Als das kleine Kind im Schlund eines Haies von einer Wespe gestochen wurde. Nee, nix passiert.

Doch, ich glaube, ich möchte das jetzt jedes Jahr machen. Nur ich und die Kinder und sehr viel Pommes.

Am Samstag und am Sonntag in der Früh

Abends schon verabreden sie sich für gleich nach dem Aufwachen. „Bauen wir eine Höhle?“, fragt Dr. Schmotzen. „Höhle bauen“, ist die Antwort.
Ich krieg das gar nicht so genau mit, wann Spartacus sich morgens aus dem Bett schleicht. Mittlerweile versucht sie schon gar nicht mehr, mich zum Aufstehen zu bewegen. Sie weiß, das wird eh nichts.

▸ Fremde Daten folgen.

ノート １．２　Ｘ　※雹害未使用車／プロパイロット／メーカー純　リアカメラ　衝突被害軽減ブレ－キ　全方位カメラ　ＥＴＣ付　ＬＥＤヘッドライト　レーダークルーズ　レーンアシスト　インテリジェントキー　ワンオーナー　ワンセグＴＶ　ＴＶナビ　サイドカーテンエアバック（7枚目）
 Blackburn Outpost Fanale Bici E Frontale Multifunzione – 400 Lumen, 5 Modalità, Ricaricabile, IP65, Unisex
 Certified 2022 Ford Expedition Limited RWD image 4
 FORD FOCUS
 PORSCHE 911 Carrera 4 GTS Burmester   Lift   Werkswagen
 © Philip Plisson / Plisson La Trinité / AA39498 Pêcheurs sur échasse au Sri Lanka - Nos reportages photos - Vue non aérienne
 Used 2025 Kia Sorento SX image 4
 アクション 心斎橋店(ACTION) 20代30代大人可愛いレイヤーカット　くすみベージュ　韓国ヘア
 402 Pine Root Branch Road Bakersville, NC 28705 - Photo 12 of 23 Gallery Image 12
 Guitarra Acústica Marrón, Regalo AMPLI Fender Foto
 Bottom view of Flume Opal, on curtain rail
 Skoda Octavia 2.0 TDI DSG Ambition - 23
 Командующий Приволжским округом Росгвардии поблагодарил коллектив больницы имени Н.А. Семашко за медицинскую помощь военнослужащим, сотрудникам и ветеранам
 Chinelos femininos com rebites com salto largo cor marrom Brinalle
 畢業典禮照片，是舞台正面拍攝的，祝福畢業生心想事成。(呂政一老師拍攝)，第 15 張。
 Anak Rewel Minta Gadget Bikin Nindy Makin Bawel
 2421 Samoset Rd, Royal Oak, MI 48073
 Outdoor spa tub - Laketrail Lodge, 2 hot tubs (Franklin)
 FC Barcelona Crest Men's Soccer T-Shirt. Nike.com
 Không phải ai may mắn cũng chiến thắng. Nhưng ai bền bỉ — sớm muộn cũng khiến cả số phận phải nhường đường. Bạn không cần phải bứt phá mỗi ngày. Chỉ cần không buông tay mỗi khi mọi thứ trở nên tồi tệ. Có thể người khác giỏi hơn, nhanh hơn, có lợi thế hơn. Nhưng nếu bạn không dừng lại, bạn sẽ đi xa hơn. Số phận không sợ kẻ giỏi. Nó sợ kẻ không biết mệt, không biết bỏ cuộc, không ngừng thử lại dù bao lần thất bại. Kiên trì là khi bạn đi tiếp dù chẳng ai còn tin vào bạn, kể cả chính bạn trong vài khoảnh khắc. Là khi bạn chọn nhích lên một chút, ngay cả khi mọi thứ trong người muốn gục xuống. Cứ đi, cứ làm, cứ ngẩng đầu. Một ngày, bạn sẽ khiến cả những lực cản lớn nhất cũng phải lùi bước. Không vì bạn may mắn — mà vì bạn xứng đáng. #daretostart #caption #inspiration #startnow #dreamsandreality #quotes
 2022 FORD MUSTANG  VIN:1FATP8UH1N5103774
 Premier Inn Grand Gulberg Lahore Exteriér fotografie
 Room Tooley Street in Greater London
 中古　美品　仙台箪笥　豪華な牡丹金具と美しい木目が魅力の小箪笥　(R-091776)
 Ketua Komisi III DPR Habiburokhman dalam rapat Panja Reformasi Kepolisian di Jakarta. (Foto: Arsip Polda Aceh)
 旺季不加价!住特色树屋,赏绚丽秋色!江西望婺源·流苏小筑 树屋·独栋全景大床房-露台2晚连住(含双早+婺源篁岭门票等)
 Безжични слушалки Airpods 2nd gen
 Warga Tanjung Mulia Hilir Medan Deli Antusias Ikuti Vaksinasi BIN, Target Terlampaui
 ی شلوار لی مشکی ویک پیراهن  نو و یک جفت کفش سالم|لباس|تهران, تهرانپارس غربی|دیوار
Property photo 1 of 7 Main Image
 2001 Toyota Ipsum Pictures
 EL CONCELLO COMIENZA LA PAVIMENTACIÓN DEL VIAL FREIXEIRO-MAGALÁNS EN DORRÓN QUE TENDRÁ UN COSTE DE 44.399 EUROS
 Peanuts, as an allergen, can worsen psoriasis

Seit ich denken kann, ist der Morgen für mich die allerallerschlimmste Tageszeit, die je erfunden wurde. Weltweit. Seit 33 Jahren kriege ich morgens nicht die Kurve. Struggs to func is what it is. Naja. Die Töchter wachsen nun halt mit diesem zu bestimmten Uhrzeiten merkwürdig verballerten Elternteil auf, kennen es nicht anders und haben sich damit abgefunden. Wie so kleine Wüstenbewohner, die es in kargen Landschaften zu einigem Erfindungsreichtum gebracht haben, nutzen sie den Dämmerzustand der Mutter und verwandeln den Flur mit allen zur Verfügung stehenden Textilmitteln in eine riesige Deckenlandschaft. Höhle bauen. Da lesen sie dann und spielen mehrmonatige Floßfahrt. Ihre Erzählungen schwappen rüber zu mir. Kleine schallgeschobene Wortfetzen transportieren diffusen Sinn durch meine Gehörgänge direkt ins Traumzentrum und vermischen sich mit meinem eigenen Material zu rasanten Kamerafahrten. Ehrlich, die Träume kurz vorm Aufstehen, wenn der Verstand die Brücke schon wieder übernommen hat und es zu Störfeuern zwischen den Bewusstseinsstufen kommt, sind die besten.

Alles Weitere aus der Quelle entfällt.